Data in this exercise: Begin

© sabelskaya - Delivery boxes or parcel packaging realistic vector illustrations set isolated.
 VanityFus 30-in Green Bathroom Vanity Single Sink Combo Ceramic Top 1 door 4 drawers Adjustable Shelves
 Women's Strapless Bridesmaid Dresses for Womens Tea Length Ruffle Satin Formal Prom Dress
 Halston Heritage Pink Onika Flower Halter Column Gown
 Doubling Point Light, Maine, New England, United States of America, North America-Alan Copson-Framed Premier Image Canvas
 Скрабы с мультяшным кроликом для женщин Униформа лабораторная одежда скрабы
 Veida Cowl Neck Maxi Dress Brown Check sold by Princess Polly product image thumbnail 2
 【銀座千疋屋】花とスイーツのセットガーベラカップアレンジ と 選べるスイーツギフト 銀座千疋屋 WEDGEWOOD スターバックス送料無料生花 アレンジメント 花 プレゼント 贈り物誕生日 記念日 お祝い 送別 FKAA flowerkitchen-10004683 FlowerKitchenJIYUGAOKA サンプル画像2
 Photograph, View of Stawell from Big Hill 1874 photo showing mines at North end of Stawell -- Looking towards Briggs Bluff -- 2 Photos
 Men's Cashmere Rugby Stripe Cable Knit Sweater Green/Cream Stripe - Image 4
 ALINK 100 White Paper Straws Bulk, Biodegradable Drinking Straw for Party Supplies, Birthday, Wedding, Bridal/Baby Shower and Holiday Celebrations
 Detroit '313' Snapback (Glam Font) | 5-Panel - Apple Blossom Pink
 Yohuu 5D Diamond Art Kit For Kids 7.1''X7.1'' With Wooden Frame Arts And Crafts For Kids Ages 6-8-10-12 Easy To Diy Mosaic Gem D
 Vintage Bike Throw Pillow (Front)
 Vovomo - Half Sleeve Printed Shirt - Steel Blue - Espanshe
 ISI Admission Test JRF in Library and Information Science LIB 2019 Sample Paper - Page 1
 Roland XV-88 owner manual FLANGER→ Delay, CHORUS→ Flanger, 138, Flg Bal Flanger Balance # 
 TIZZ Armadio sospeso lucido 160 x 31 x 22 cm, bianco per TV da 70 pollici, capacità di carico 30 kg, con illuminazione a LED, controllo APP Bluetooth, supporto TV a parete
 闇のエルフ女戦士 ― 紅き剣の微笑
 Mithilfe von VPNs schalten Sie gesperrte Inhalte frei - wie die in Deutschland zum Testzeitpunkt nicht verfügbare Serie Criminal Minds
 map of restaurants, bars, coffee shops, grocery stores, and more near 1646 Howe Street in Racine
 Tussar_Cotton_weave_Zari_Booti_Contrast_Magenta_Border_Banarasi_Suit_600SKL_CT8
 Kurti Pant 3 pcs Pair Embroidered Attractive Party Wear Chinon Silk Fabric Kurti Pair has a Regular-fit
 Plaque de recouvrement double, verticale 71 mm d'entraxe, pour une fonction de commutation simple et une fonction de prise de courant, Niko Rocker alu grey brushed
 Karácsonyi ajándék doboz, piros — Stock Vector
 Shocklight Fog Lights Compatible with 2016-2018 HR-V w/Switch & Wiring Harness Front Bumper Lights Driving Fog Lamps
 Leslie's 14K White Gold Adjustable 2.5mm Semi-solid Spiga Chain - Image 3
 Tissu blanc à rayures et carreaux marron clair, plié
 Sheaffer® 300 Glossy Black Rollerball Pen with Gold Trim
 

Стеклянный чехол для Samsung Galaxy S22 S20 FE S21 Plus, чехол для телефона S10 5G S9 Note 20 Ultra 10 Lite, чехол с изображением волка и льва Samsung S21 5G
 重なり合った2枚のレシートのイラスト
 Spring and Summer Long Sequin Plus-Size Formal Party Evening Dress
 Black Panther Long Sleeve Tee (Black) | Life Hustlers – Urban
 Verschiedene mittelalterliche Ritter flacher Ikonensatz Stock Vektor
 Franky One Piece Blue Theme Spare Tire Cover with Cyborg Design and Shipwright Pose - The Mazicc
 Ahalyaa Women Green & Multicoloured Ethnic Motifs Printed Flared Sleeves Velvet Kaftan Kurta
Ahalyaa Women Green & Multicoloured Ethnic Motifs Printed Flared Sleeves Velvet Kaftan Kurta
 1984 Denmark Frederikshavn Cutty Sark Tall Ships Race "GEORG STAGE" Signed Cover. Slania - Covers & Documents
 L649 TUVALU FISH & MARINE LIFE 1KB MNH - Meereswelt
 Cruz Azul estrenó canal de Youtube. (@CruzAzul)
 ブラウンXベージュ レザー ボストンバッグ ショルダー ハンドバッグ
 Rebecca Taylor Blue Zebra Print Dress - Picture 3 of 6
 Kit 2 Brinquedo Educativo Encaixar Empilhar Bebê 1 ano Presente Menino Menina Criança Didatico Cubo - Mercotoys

Data in this exercise: End

Task to carry out:
Every entry must be retyped in full, exactly as given.

Answer to the problem:
© sabelskaya - Delivery boxes or parcel packaging realistic vector illustrations set isolated.
 VanityFus 30-in Green Bathroom Vanity Single Sink Combo Ceramic Top 1 door 4 drawers Adjustable Shelves
 Women's Strapless Bridesmaid Dresses for Womens Tea Length Ruffle Satin Formal Prom Dress
 Halston Heritage Pink Onika Flower Halter Column Gown
 Doubling Point Light, Maine, New England, United States of America, North America-Alan Copson-Framed Premier Image Canvas
 Скрабы с мультяшным кроликом для женщин Униформа лабораторная одежда скрабы
 Veida Cowl Neck Maxi Dress Brown Check sold by Princess Polly product image thumbnail 2
 【銀座千疋屋】花とスイーツのセットガーベラカップアレンジ と 選べるスイーツギフト 銀座千疋屋 WEDGEWOOD スターバックス送料無料生花 アレンジメント 花 プレゼント 贈り物誕生日 記念日 お祝い 送別 FKAA flowerkitchen-10004683 FlowerKitchenJIYUGAOKA サンプル画像2
 Photograph, View of Stawell from Big Hill 1874 photo showing mines at North end of Stawell -- Looking towards Briggs Bluff -- 2 Photos
 Men's Cashmere Rugby Stripe Cable Knit Sweater Green/Cream Stripe - Image 4
 ALINK 100 White Paper Straws Bulk, Biodegradable Drinking Straw for Party Supplies, Birthday, Wedding, Bridal/Baby Shower and Holiday Celebrations
 Detroit '313' Snapback (Glam Font) | 5-Panel - Apple Blossom Pink
 Yohuu 5D Diamond Art Kit For Kids 7.1''X7.1'' With Wooden Frame Arts And Crafts For Kids Ages 6-8-10-12 Easy To Diy Mosaic Gem D
 Vintage Bike Throw Pillow (Front)
 Vovomo - Half Sleeve Printed Shirt - Steel Blue - Espanshe
 ISI Admission Test JRF in Library and Information Science LIB 2019 Sample Paper - Page 1
 Roland XV-88 owner manual FLANGER→ Delay, CHORUS→ Flanger, 138, Flg Bal Flanger Balance # 
 TIZZ Armadio sospeso lucido 160 x 31 x 22 cm, bianco per TV da 70 pollici, capacità di carico 30 kg, con illuminazione a LED, controllo APP Bluetooth, supporto TV a parete
 闇のエルフ女戦士 ― 紅き剣の微笑
 Mithilfe von VPNs schalten Sie gesperrte Inhalte frei - wie die in Deutschland zum Testzeitpunkt nicht verfügbare Serie Criminal Minds
 map of restaurants, bars, coffee shops, grocery stores, and more near 1646 Howe Street in Racine
 Tussar_Cotton_weave_Zari_Booti_Contrast_Magenta_Border_Banarasi_Suit_600SKL_CT8
 Kurti Pant 3 pcs Pair Embroidered Attractive Party Wear Chinon Silk Fabric Kurti Pair has a Regular-fit
 Plaque de recouvrement double, verticale 71 mm d'entraxe, pour une fonction de commutation simple et une fonction de prise de courant, Niko Rocker alu grey brushed
 Karácsonyi ajándék doboz, piros — Stock Vector
 Shocklight Fog Lights Compatible with 2016-2018 HR-V w/Switch & Wiring Harness Front Bumper Lights Driving Fog Lamps
 Leslie's 14K White Gold Adjustable 2.5mm Semi-solid Spiga Chain - Image 3
 Tissu blanc à rayures et carreaux marron clair, plié
 Sheaffer® 300 Glossy Black Rollerball Pen with Gold Trim
 

Стеклянный чехол для Samsung Galaxy S22 S20 FE S21 Plus, чехол для телефона S10 5G S9 Note 20 Ultra 10 Lite, чехол с изображением волка и льва Samsung S21 5G
 重なり合った2枚のレシートのイラスト
 Spring and Summer Long Sequin Plus-Size Formal Party Evening Dress
 Black Panther Long Sleeve Tee (Black) | Life Hustlers – Urban
 Verschiedene mittelalterliche Ritter flacher Ikonensatz Stock Vektor
 Franky One Piece Blue Theme Spare Tire Cover with Cyborg Design and Shipwright Pose - The Mazicc
 Ahalyaa Women Green & Multicoloured Ethnic Motifs Printed Flared Sleeves Velvet Kaftan Kurta
Ahalyaa Women Green & Multicoloured Ethnic Motifs Printed Flared Sleeves Velvet Kaftan Kurta
 1984 Denmark Frederikshavn Cutty Sark Tall Ships Race "GEORG STAGE" Signed Cover. Slania - Covers & Documents
 L649 TUVALU FISH & MARINE LIFE 1KB MNH - Meereswelt
 Cruz Azul estrenó canal de Youtube. (@CruzAzul)
 ブラウンXベージュ レザー ボストンバッグ ショルダー ハンドバッグ
 Rebecca Taylor Blue Zebra Print Dress - Picture 3 of 6
 Kit 2 Brinquedo Educativo Encaixar Empilhar Bebê 1 ano Presente Menino Menina Criança Didatico Cubo - Mercotoys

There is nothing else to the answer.